The elastic modulus of a nanocomposite reinforced with nanoclay was studied using the 3D finite-element method. It is widely accepted that interphase between nanoparticle and matrix plays an important role in the performance of the nanocomposite. Thus, a representative volume element (RVE) consisted of three phases (i.e. matrix, interphase and nanoclay) was simulated. In addition, to have a realistic estimation of elastic modulus of the interphase region, the modulus was computed using the available analytical formula. Since the nanoclays have been known as platelets and to investigate the effect of the third dimension, the nanoclay was simulated as a thin cuboid. The effect of various geometrical parameters, such as the change of the nanoclay contact area at a constant volume fraction of nanoclay, the variation of the nanoclay angle in the planes perpendicular and parallel to the loading direction, and the RVE dimensions, on the elastic modulus of a nanocomposite was considered. The results revealed that the increase in contact area of the nanoclay at a constant volume of nanoclay led to an increase in the elastic modulus of the nanocomposite.

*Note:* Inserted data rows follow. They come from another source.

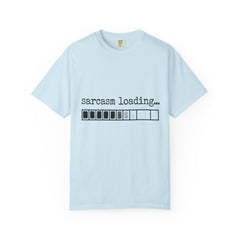 Sarcasm Loading T-Shirt — Funny Graphic Tee for Sarcastic Humor Lovers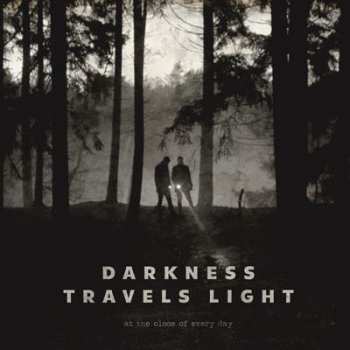 Album At The Close Of Every Day: Darkness Travels Light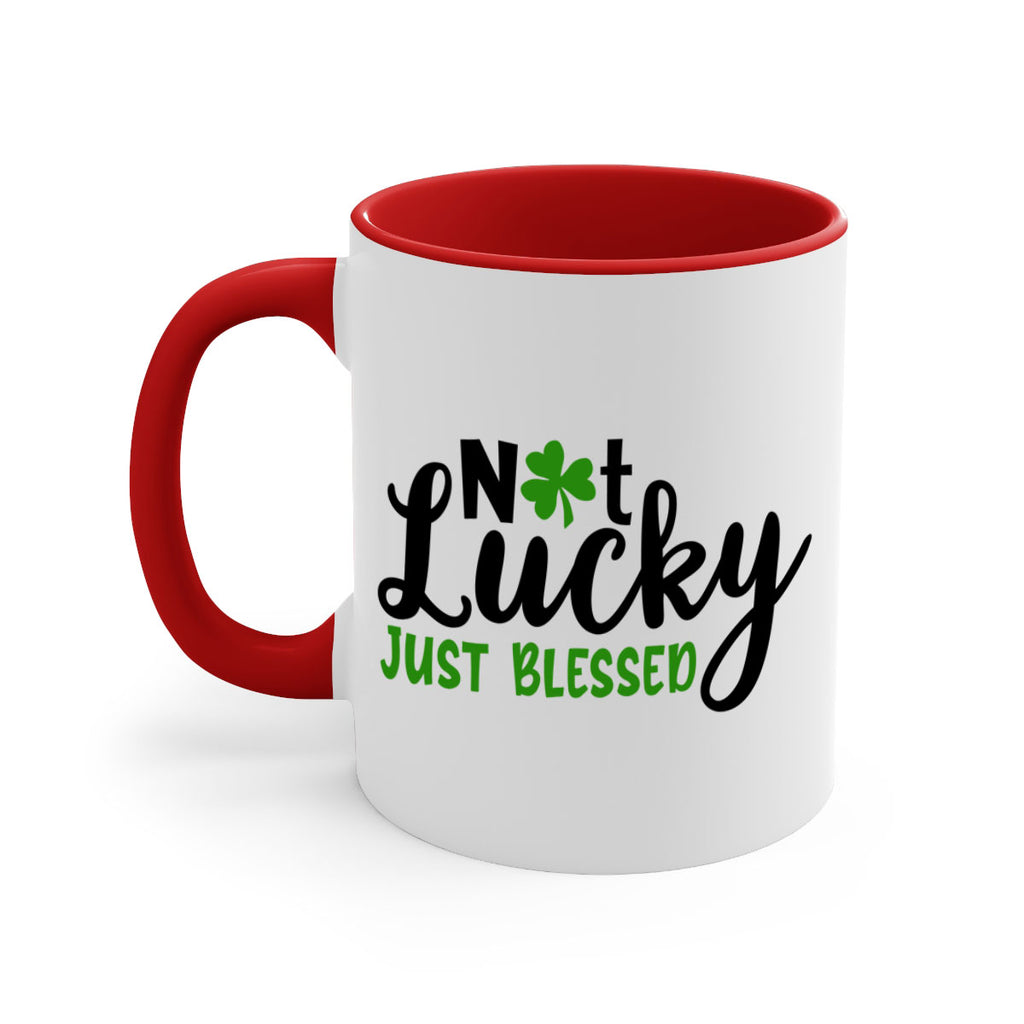 Not Lucky Just Blessed Style 149#- St Patricks Day-Mug / Coffee Cup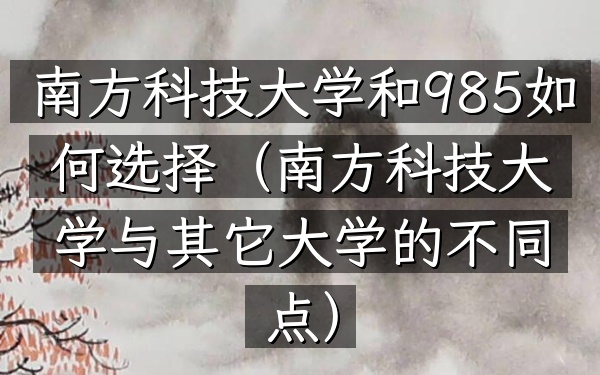 南方科技大学和985如何选择(南方科技大学与其它大学的不同点)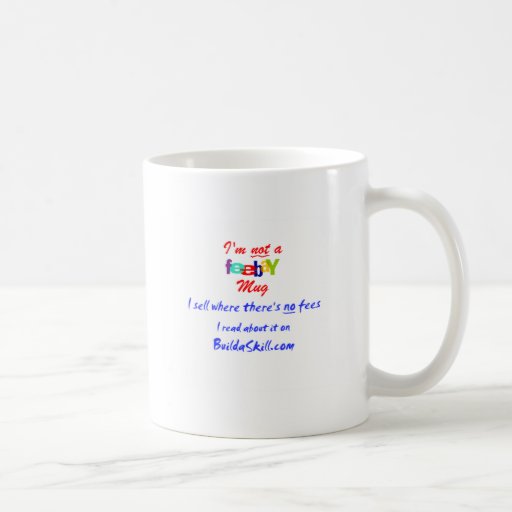 Eu não sou uma caneca feebay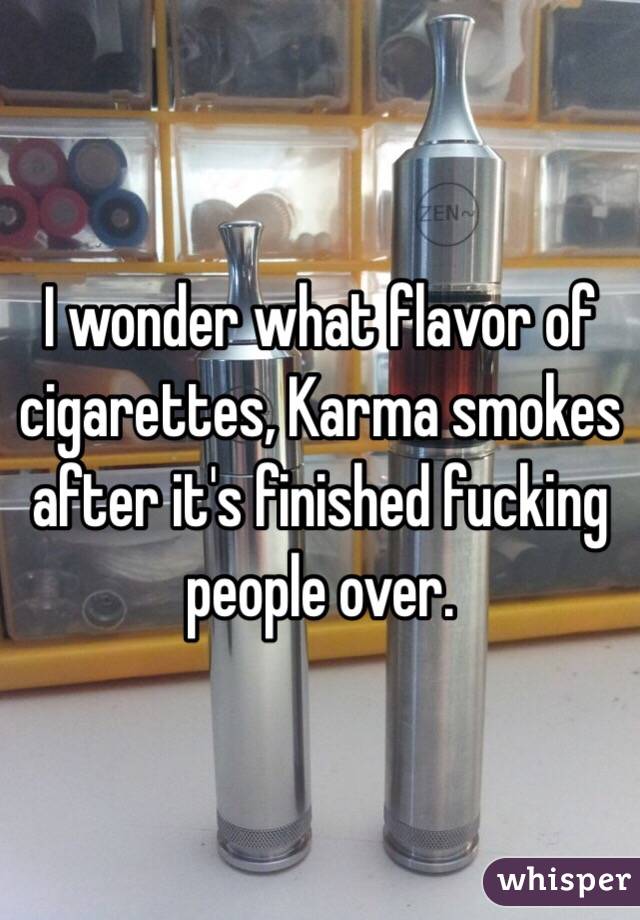I wonder what flavor of cigarettes, Karma smokes after it's finished fucking people over. 
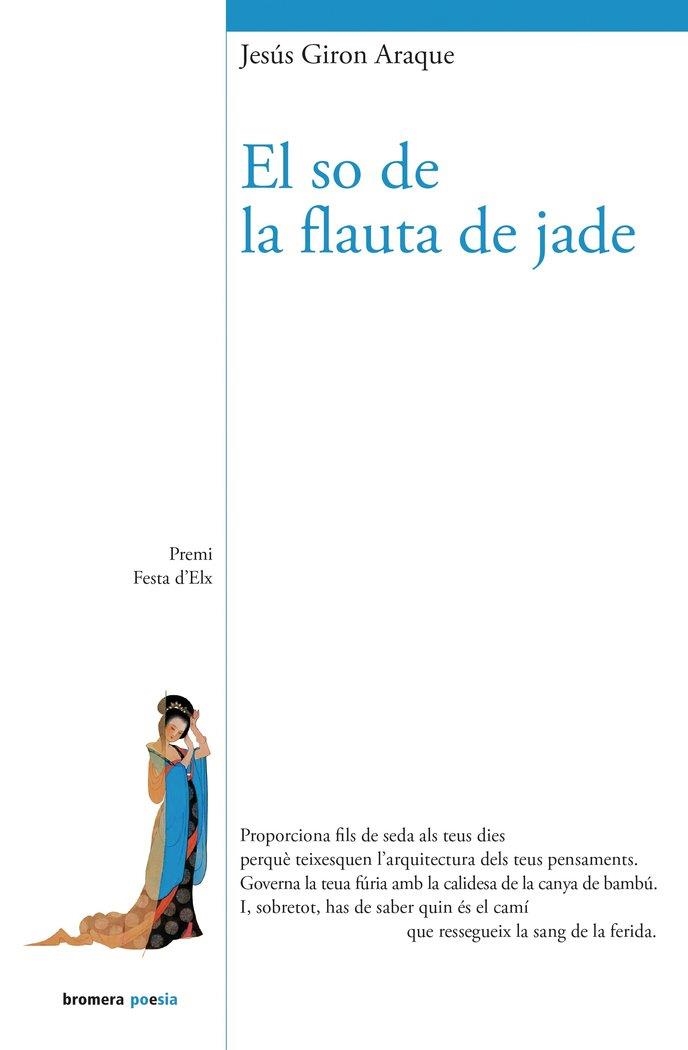 EL SO DE LA FLAUTA DE JADE | 9788413581569 | JESUS GIRON ARAQUE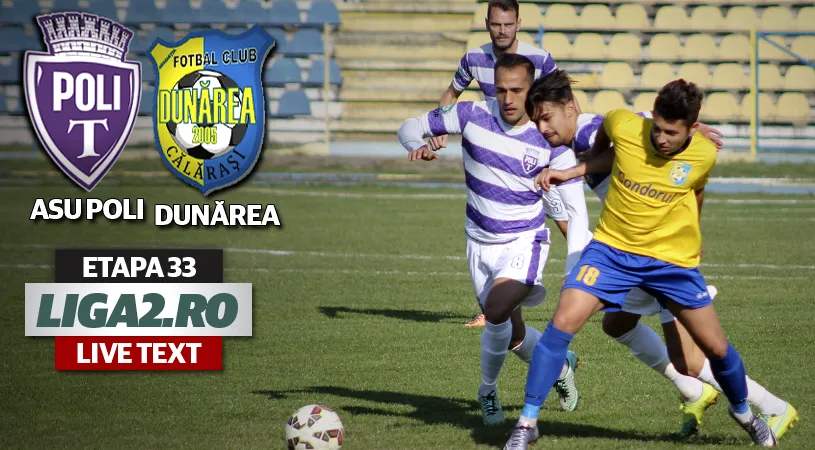 Incredibilă răsturnare de situație!** Condusă cu 1-0 și cu un jucător eliminat, ASU Poli a învins-o pe Dunărea Călărași cu 4-1. Blănaru a reușit o 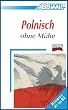 ASSiMiL Selbstlernkurs f�r Deutsche: Assimil Polnisch ohne M�he; Assimil Polski bez trudu, Lehrbuch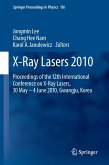 X-Ray Lasers 2010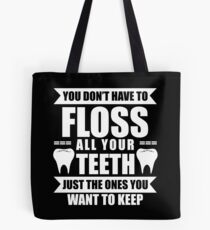 You Don't Have To Floss All Your Teeth Just The Ones You Want To Keep Tote Bag
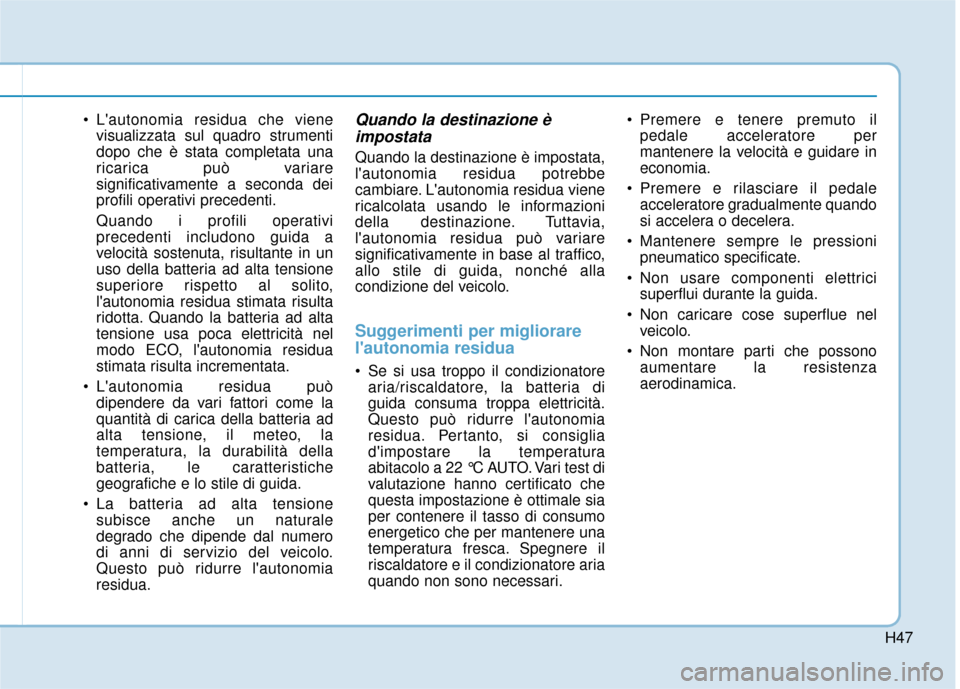 Hyundai Ioniq Electric 2018 Manuale del proprietario (in Italian) H47
Lautonomia residua che vienevisualizzata sul quadro strumenti
dopo che è stata completata una
ricarica può variare
significativamente a seconda dei
profili operativi precedenti.
Quando i profi Hyundai Ioniq Electric 2018 Manuale del proprietario (in Italian) H47
Lautonomia residua che vienevisualizzata sul quadro strumenti
dopo che è stata completata una
ricarica può variare
significativamente a seconda dei
profili operativi precedenti.
Quando i profi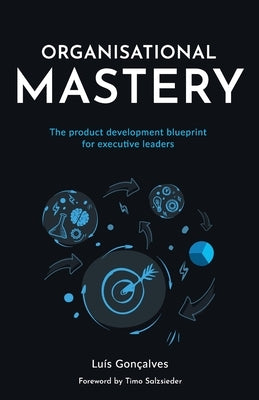 Organisational Mastery: The product development blueprint for executive leaders by Gonçalves, Luís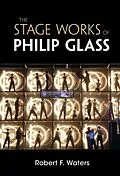 E-Book (epub) Stage Works of Philip Glass von Robert F. Waters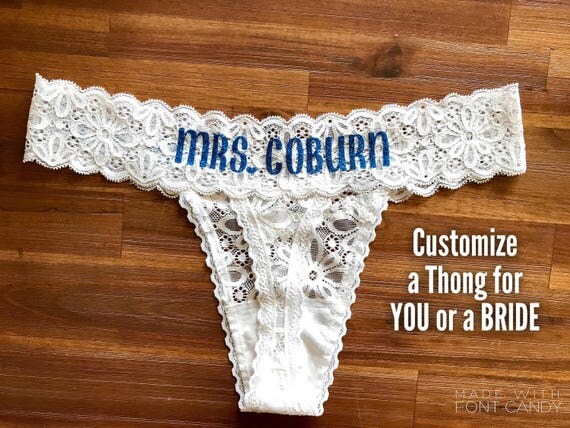 Personalized Panties / Occasions: Bachelorette / Birthday / Bridal Shower / Divorce Party / Wedding / Engagement / Honeymoon / Boudoir Shoot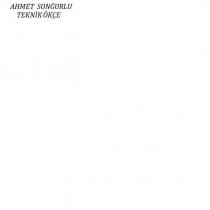 ahmet sonğurlu teknik ökçe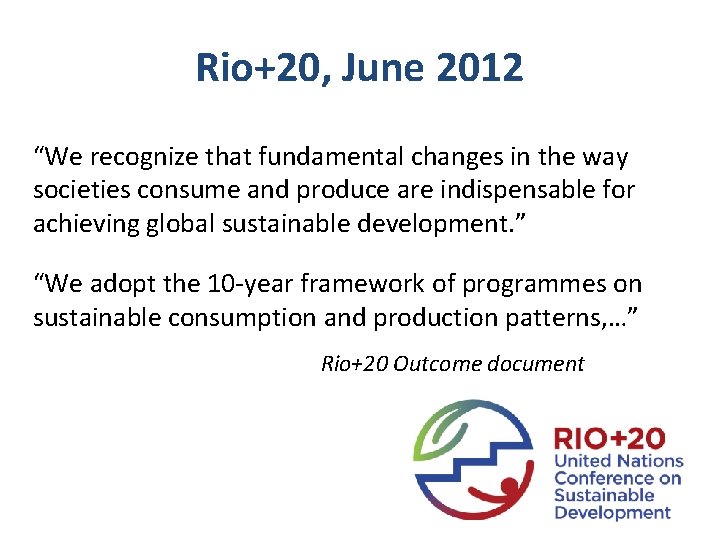 Rio+20, June 2012 “We recognize that fundamental changes in the way societies consume and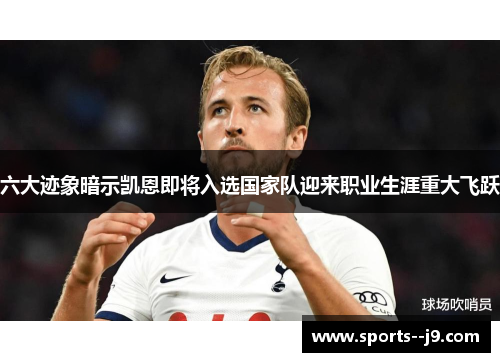 六大迹象暗示凯恩即将入选国家队迎来职业生涯重大飞跃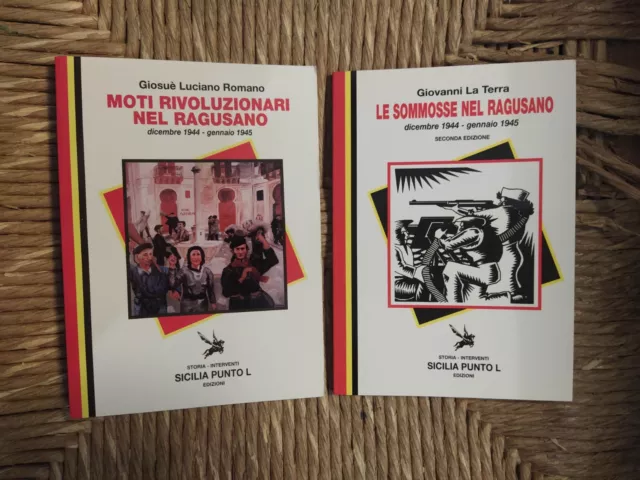 RAGUSA: Moti rivoluzionari e Sommosse nel ragusano 1944-1945 Storia Sicilia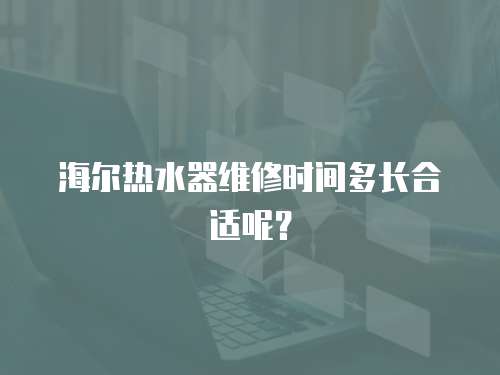 海爾熱水器維修時(shí)間多長(zhǎng)合適呢？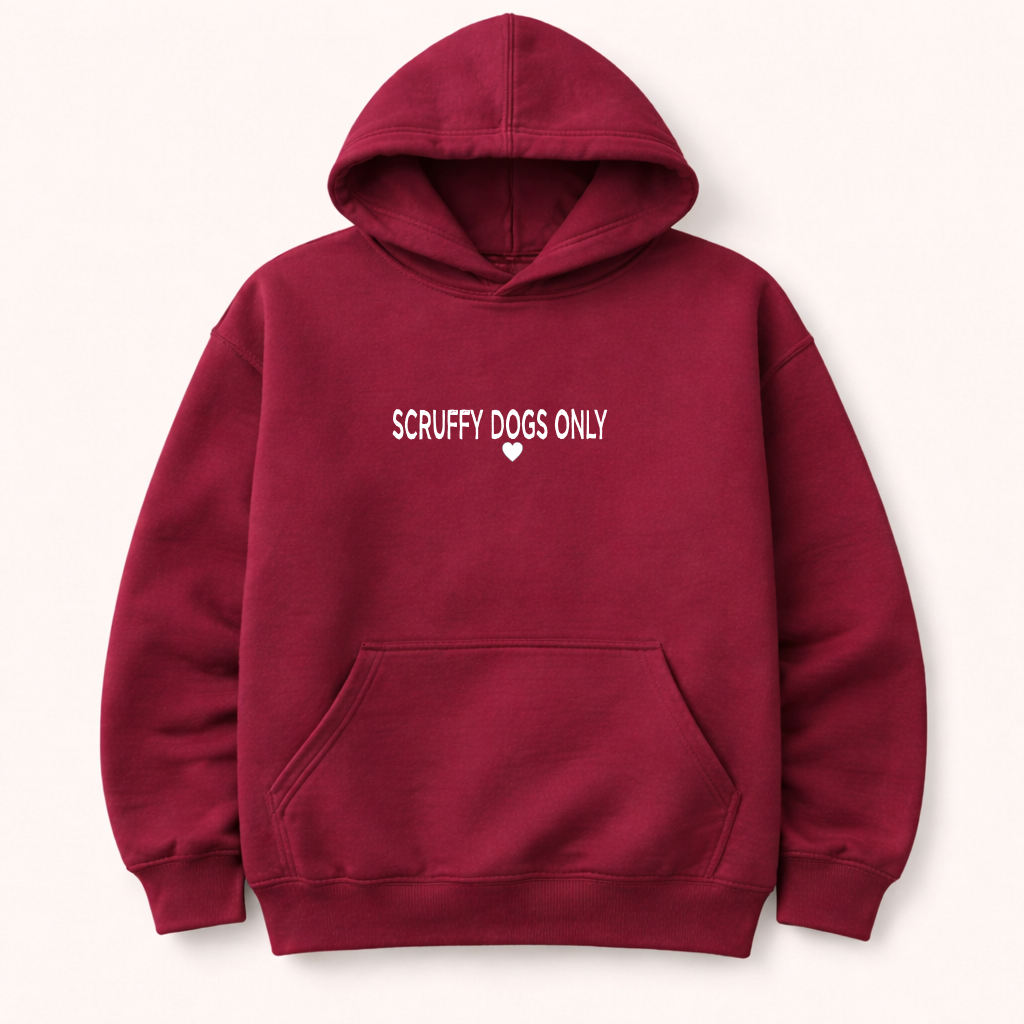 Scruffy Dogs Only Hoodie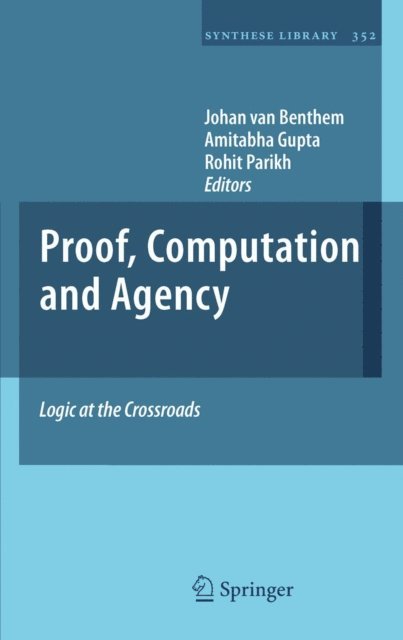 Rohit Parikh, Amitabha Gupta, Johan van Benthem - Proof, Computation and Agency, E-bok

Furthermore, the change in the angle of nanoclay with respect to the plane parallel to loading direction has considerable effects on the elastic modulus of the nanocomposite, whereas this effect is negligible for the alignment angle perpendicular to the plane of the loading direction. Finally, unlike the previous studies, the results of the finite-element modeling were compared with three-phase theory of Mori–Tanaka.